The articles of association of Fresenius SE & Co. KGaA and the rules of procedure of the Supervisory Board of Fresenius SE&Co. KGaA regulate the details with regard to the Supervisory Board's election, constitution, term of office, meetings and resolutions, and rights and duties. They are published on our website, see www.fresenius.com/ corporate-governance.
Information on the Compensation of the Supervisory Board of Fresenius SE
The Supervisory Board of Fresenius SE & Co. KGaA is of the opinion that all its members are independent. The Supervisory Board shall include what it deems to be an appropriate number of independent members who do not have any
business or personal relationship with the Company, its corporate bodies, a controlling shareholder, or a party related to the latter that may give grounds for a material and not merely temporary conflict of interest. This also applies to Klaus-Peter Müller, who has been member of the Supervisory Board for more than 13 years. His performance in office demonstrates the necessary critical distance to properly advise and monitor the business conduct of the general partner in every respect.
The general partner, acting through the Management Board, and the Supervisory Board of Fresenius SE & Co. KGaA are committed to the interests of the Company. The members of these bodies neither pursue personal interests in the performance of their duties nor grant unjustified advantages to other persons. Any sideline activities or transactions of the members of the executive bodies with the Company must be disclosed to the Supervisory Board without delay and approved by the Supervisory Board. The Supervisory Board of Fresenius SE & Co. KGaA reports to the AGM on any conflicts of interest and their treatment. There were no conflicts of interest of Supervisory Board members in the past fiscal year.
Fresenius publishes information on related parties on page 380 of the Annual Report.
The members of the Supervisory Board independently take on necessary training and further education measures required for their tasks. They keep themselves regularly informed, through internal and external sources, about the latest requirements with regard to their supervisory activities. The Supervisory Board at all times ensures that its members are suitably qualified, keep their professional knowledge up to date, and further develop their judgment and expertise. They are supported appropriately by the Company in accordance with the Code. External experts as well as experts from the Company continuously provide information about important developments, for example about relevant new laws and precedents, or changes in the IFRS accounting and auditing standards. In addition, the Company holds an onboarding event for new members of the Supervisory Board.

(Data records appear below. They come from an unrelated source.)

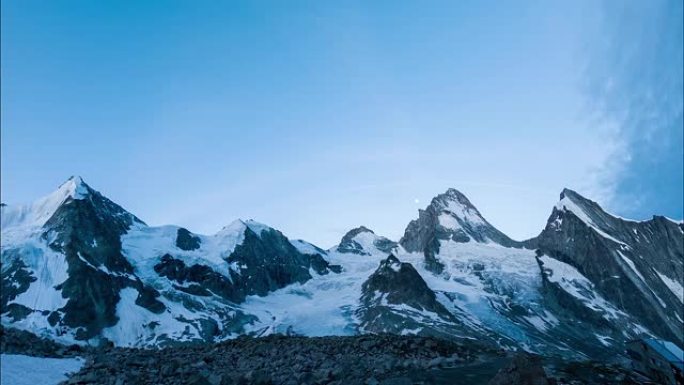 在月亮和灿烂的阳光下，雪山，木屋和步行的人的全景。延时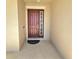 Covered entryway with dark wood front door, side light, and concrete floor at 3301 Bethpage Loop, Mount Dora, FL 32757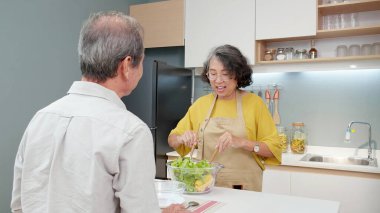 Asyalı son sınıf çifti evde, mutfakta sebze salatası yaparken, yaşlı bir aile yemek için salata hazırlarken tatmin olmuş, kaynaşmış ve ilişki kurmuş bir aile, yaşam tarzı konsepti..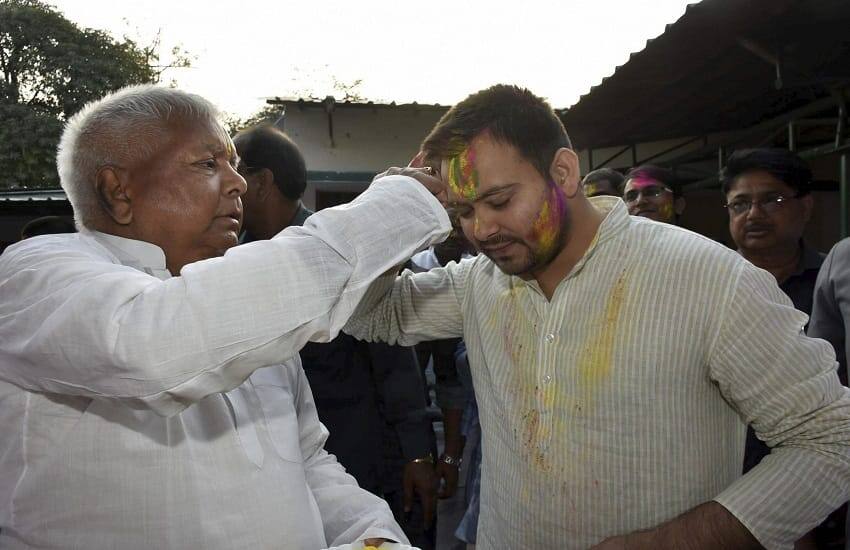 Tejashwi Yadav with Lalu Prasad Yadav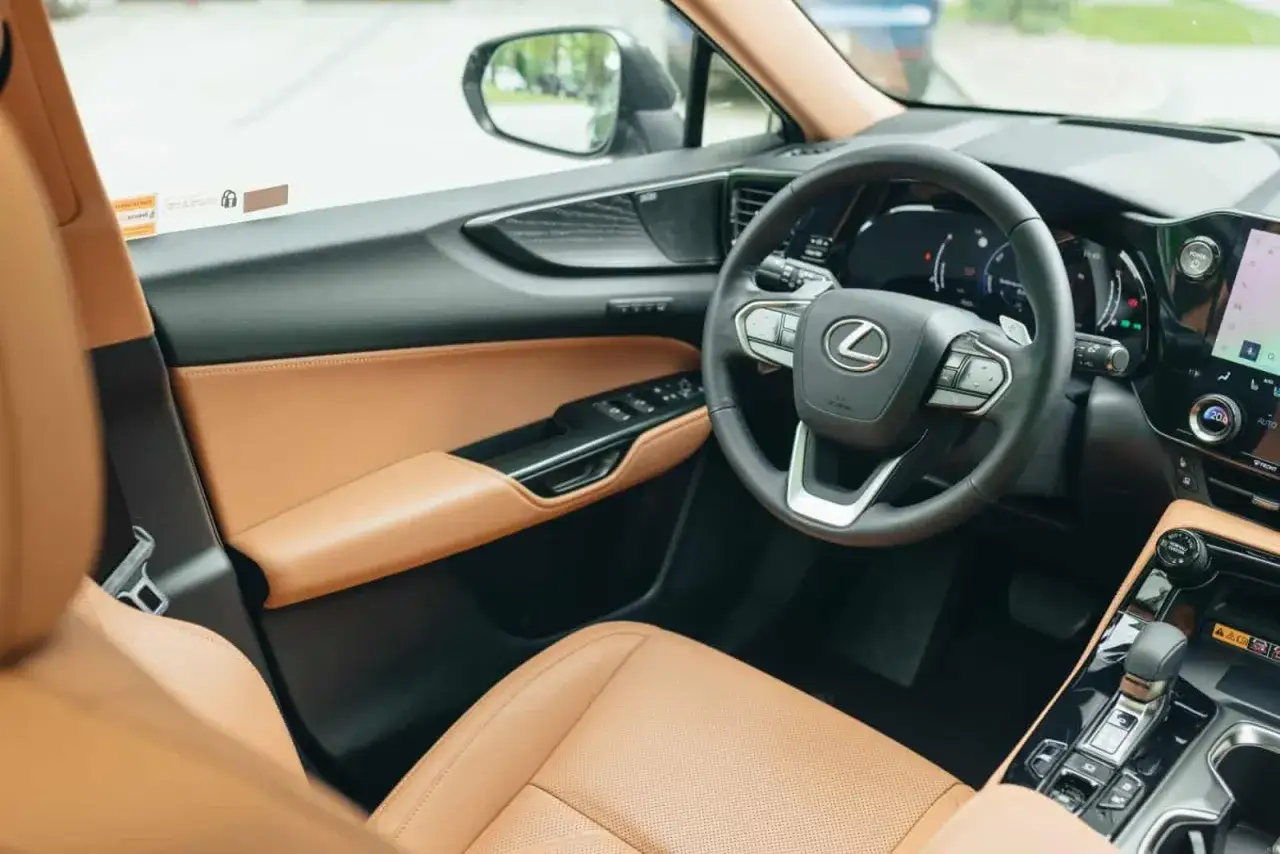 Wnętrze Lexus 350h z brązową skórzaną tapicerką, kierownicą i panelem drzwi.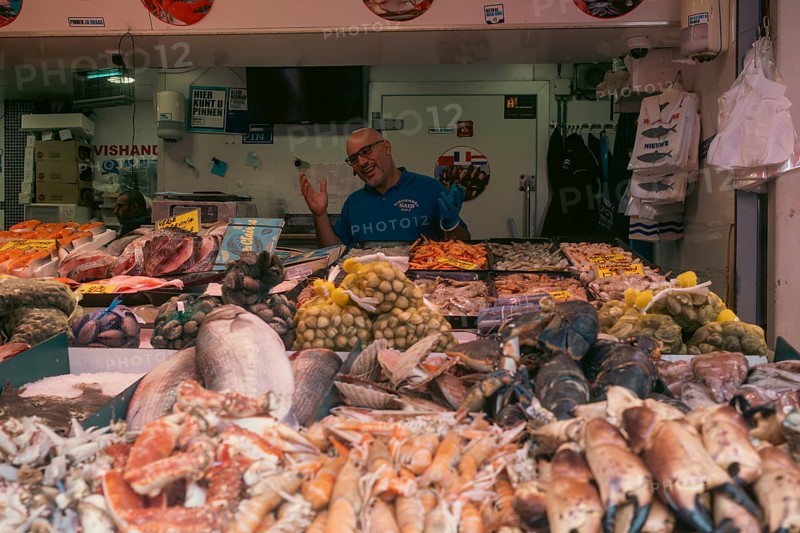 Market vendor with fresh catch at the weekly market market. De Haagse Markt, The Hague, Netherlands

The members of the Supervisory Board of Fresenius SE & Co. KGaA can be found on page 393 f. of the Annual Report. On page 28f. of the Annual Report, the Supervisory Board reports on the main focuses of its activities and those of its committees in 2021.
The Supervisory Board of Fresenius SE & Co. KGaA carries out a self-assessment of how effectively it as a whole and its committees perform their duties, at least once a year, most recently in June 2021.
The review is carried out through a company-specific questionnaire covering the salient points for a self-evaluation followed by an open discussion within the full Supervisory Board. The most recent self-assessment showed that the Supervisory Board, including its committees, assesses its organization as well as its work as efficient and that it fulfills its tasks effectively.
Good corporate governance requires trusting and efficient cooperation between the Management and the Supervisory Board. The Management Board of the general partner and the Supervisory Board of Fresenius SE&Co. KGaA closely cooperate for the benefit of the Company. Open communication is essential. The common goal is to sustainably increase the company value in line with the corporate governance and compliance principles. The Management Board of the general partner and the Supervisory Board of Fresenius SE & Co. KGaA coordinate with each other, especially with regard to the Company's strategic focus. As the monitoring body, the Supervisory Board of Fresenius SE & Co. KGaA also needs to be fully informed about operating performance and corporate planning, as well as the risk situation, risk management, and compliance. The Management Board of the general partner provided this information in full and in compliance with its duties in the reporting period.
The representatives of the shareholders and of the employees may prepare the Supervisory Board meetings separately, and, if applicable, with members of the Management Board. Pre-meetings of the employee representatives as well as consultations of the shareholder representatives take place on a regular basis. The Supervisory Board meets without the Management Board on a regular basis.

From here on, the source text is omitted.